EXAMPLE: When I was in my mid 20s I was dating someone I really liked. We had been going on dates, meeting each other’s friends and had already been physical with each other for about 2 months. I knew what I wanted after the first month (exclusivity) but I tried to ignore it, put it off as long as possible and also tried to dance around it. Why? It’s because I thought at best expressing myself and asking for this boundary in our developing relationship could make me feel vulnerable, exposed and awkward and at worst confront me with the truth that the person I want to move forward with doesn’t want to move forward with me. I hated both of those scenarios. So I stayed in this ambiguous thing for a long time and eventually he told me he’d found someone else he wanted to pursue a relationship with. I was heartbroken and so angry.

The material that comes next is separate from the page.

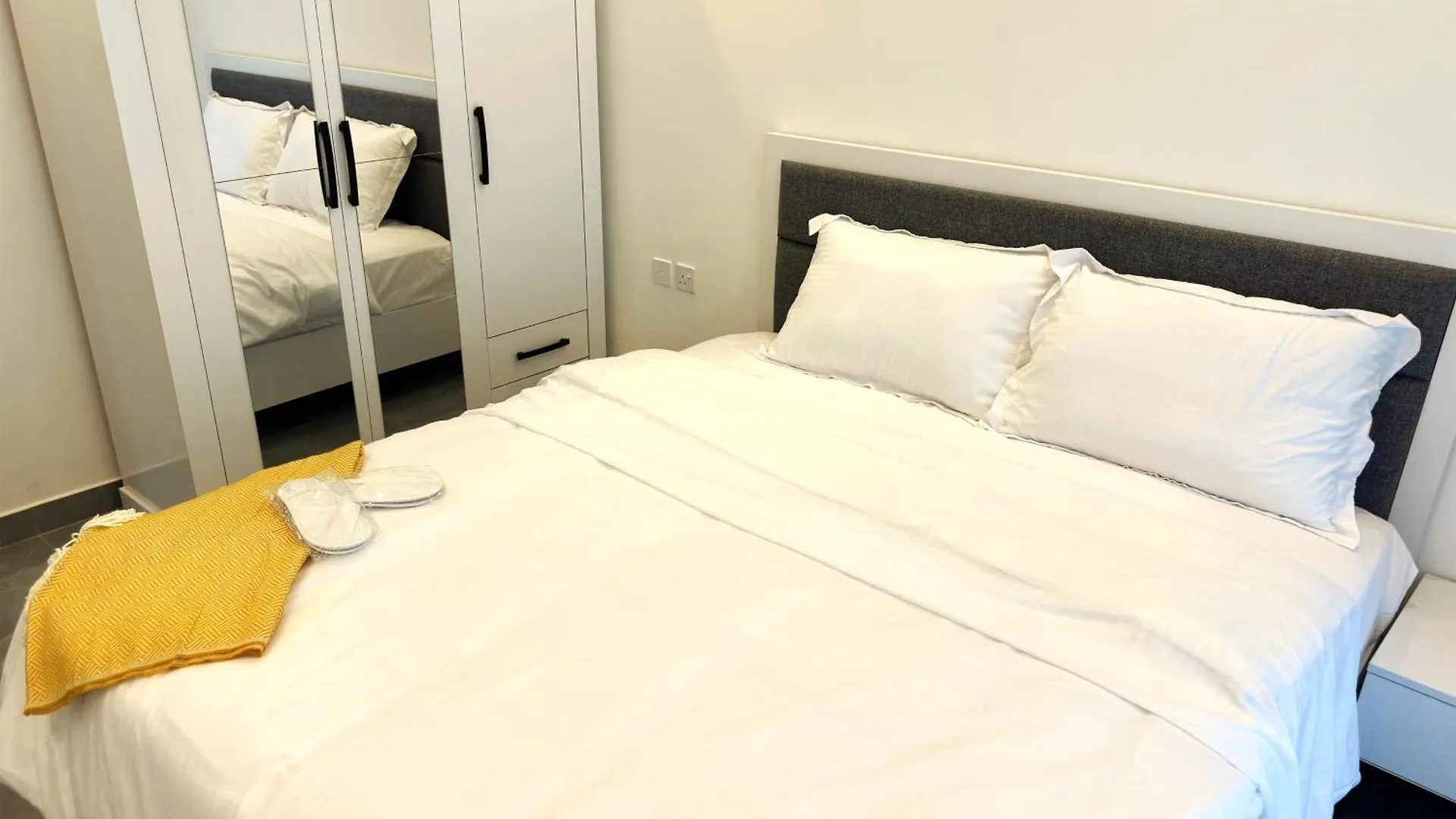 Dubai Marina - 1Bhk Fancy Apartment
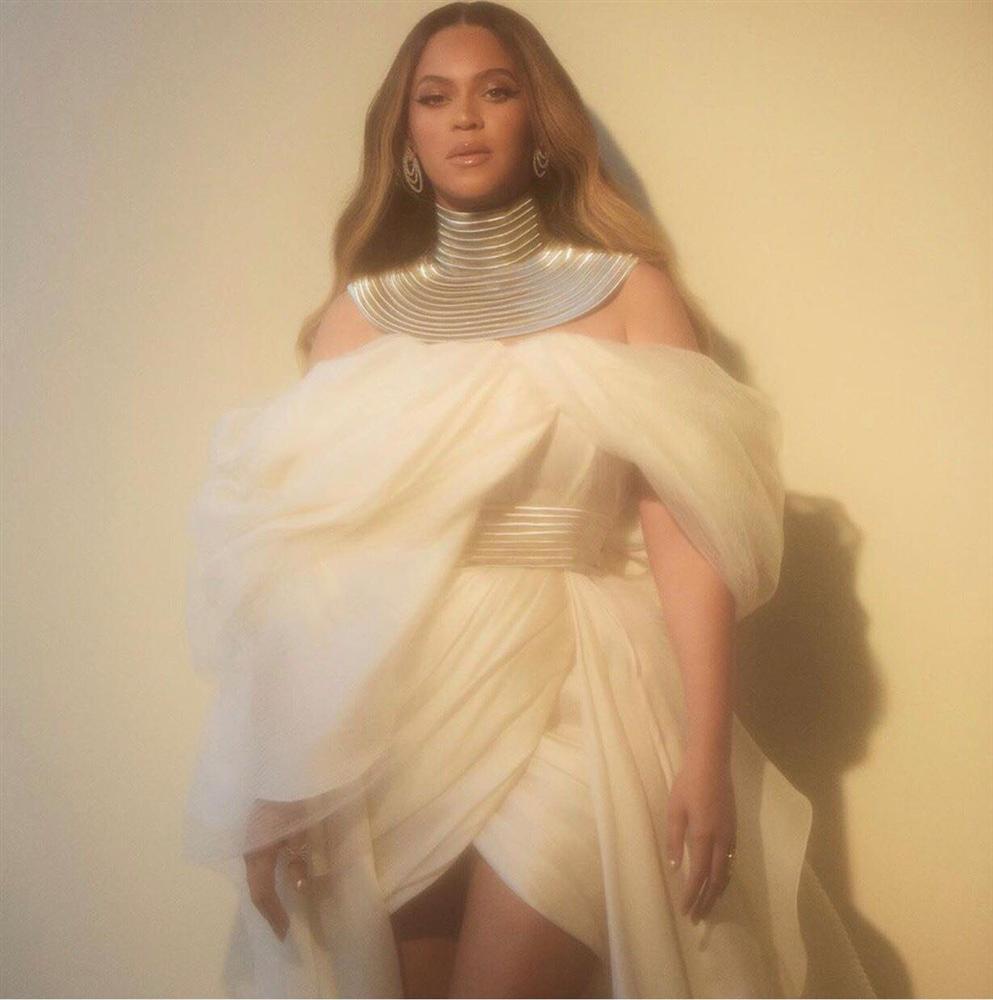 NTK Ngô Mạnh Đông Đông: Không biết là làm phụ kiện cho Beyoncé cho đến khi công bố-2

HEALING: The first layer of processing this kind of situation brings anger to the surface at the other person. Thoughts like, "How could they string me along for this long?!" This initial layer is where many of us stop and over time the sting wears off and we feel ready to try again only to find ourselves back in the same painful scenarios. The next layer of processing allows for deep healing of your relationship with your boundaries. In this layer you recognize where you didn't know, set or hold a boundary you needed in the relationship. You COMMIT TO NOT LETTING THAT HAPPEN AGAIN and if you slip you lovingly recommit to yourself again.


In this act of self-love and taking responsibility you are essentially committing to not breaking your own heart again.


LESSON: Dating and relationships can put you face to face with your relationship with your own boundaries. Take time to get to know what you need and what boundaries to put in place. The stronger your boundaries are the better your love life will be.